The patients were monitored for non-invasive blood pressure (NIBP), electrocardiograph (ECG), end-tidal CO2 (EtCO2), arterial oxygen saturation (SpO2), heart rate (HR), etc. The patients were premedicated with inj. glycopyrrolate (0.2 mg), inj. ondansetron (4 mg), and inj. tramadol (100 mg). Induction was done with 1.5-2 mg/kg propofol followed by 2 mg/kg succinylcholine for muscle relaxation and then a proper size of the endotracheal tube (ETT) was inserted. Just after ETT placement, inj. vecuronium 0.1 mg/kg was given. Anesthesia was maintained with isoflurane with 50% O2 and 50% N2O. Four trocars were introduced by a surgeon. A 10-mm trocar was placed in the infraumbilical region, a 10-mm trocar in the mid epigastrium 5 mm below the xiphoid, a 5-mm trocar in the right subcostal region in the midclavicular line, and a 5 mm trocar in the anterior axillary line. Intraabdominal pressure was maintained between 12 to 15 mmHg.
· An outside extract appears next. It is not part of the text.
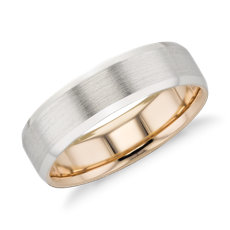铂金与 18k 玫瑰金哑光斜边结婚戒指（6 毫米）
For group 1 patients, before giving an incision for the ports, 20 ml of 0.5% bupivacaine was infiltrated subcutaneously over the port sites (6 ml was infiltrated around each midline port site and 4 ml was infiltrated around at the lateral port sites). For group 2 patients, after removal of the gall bladder before removing the trocar, 20 ml of 0.5% bupivacaine was instilled intraperitoneally over the subdiaphragmatic space and in the gall bladder bed with a separate catheter passed through one of the trocars. In the postanesthesia care unit (PACU) patients were asked about their intensity of pain according to the visual analog scale (VAS) in the resting condition. VAS score, postoperative nausea vomiting, and postoperative vitals were recorded at 0, 1, 2, 4, 8, 12, and 24 hours. Extubation time was considered as 0 hours. Inj. diclofenac 75 mg IV BD was given for 24 hours for postoperative analgesia. Additionally, inj. tramadol 100 mg IV was given to patients for severe pain when VAS was ≥5. The total dose of additional analgesic (inj. tramadol) was also recorded.

Statistical analysis

Analysis was done with the help of IBM SPSS statistics version 26 (IBM Corp., Armonk, NY). Descriptive statistics of the variable from the data collected were carried out. Different parameters were compared using the chi-squared test (data like sex of the patients, ASA grade, postoperative nausea vomiting, etc.) and the unpaired t-test (data like VAS score, hemodynamic parameters, the total dose of tramadol used, etc.). P-value <0.05 was considered significant.

Results

Table 2 shows the demographic data of patients. There was no statistically significant difference among the groups in terms of demographic variables.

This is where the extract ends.